Nov 11, 2010 | AIJAC staff

Update from AIJAC

November 11, 2010
Number 11/10 #02

As readers will be aware, US mid-term elections last week saw major gains for the Republican party at the expense of US President Barack Obama’s Democrats. While the election primarily focussed on domestic political issues, this Update will focus on analysis discussing the effects, if any, of the changed Washington political scene on US Middle East policy.

First up is the reliably insightful and interesting Barry Rubin, who says any difference will probably be the result of the way President Obama himself reacts, given that Congress has very limited say in foreign policy in Washington. He frames the question as “Is Obama a pragmatic politician or an ideologue?” and leans toward the former view. He argues that Obama’s Middle East policy has managed to avoid major crises over the short-term but is effectively building up more serious problems for later, and if he is pragmatic, he will need to be convinced to change course, and speculates on who in the Administration could convince him of the need to do so. For the rest of his argument, CLICK HERE. More good general analysis of possible impacts of the election on US Middle East Policy comes from veteran Australian Jewish leader Isi Leibler, Israeli academics Mark Heller and Eran Oded, Newsweek, and Radio Free Europe.

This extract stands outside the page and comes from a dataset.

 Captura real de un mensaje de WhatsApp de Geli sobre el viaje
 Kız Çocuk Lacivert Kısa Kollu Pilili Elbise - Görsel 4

Next up is Haaretz‘s Ari Shavit, who argues that on Israeli-Palestinian issues, Obama is likely to actually re-double his efforts in the face of the likely stalemate on his domestic agenda. Shavit is not opposed to this, but he says trying to impose a solution on the parties would be a major mistake, leading to future chaos. Instead, he urges Obama to change tack to pursue an interim agreement that would allow major progress toward Palestinian independence without endangering Israel. For Shavit’s complete discussion, CLICK HERE. A variety of other Israeli views of what Obama could and should do next are here, here and here.

Finally, Herb Keinon of the Jerusalem Post looks at how the election may affect the Obama Administration’s relationship with Israel’s Netanyahu Government. He agrees that the election, not fought on foreign policy, is unlikely to affect Obama’s overall focus on Israeli-Palestinian peacemaking, but predicts some more marginal effects on his approach. In particular, he makes the case that Obama, now faced with his own domestic limits on his power, may come to better appreciate Netanyahu’s argument that his domestic political coalition will not allow him to take steps that Obama has urged. For all that Keinon has to say, CLICK HERE.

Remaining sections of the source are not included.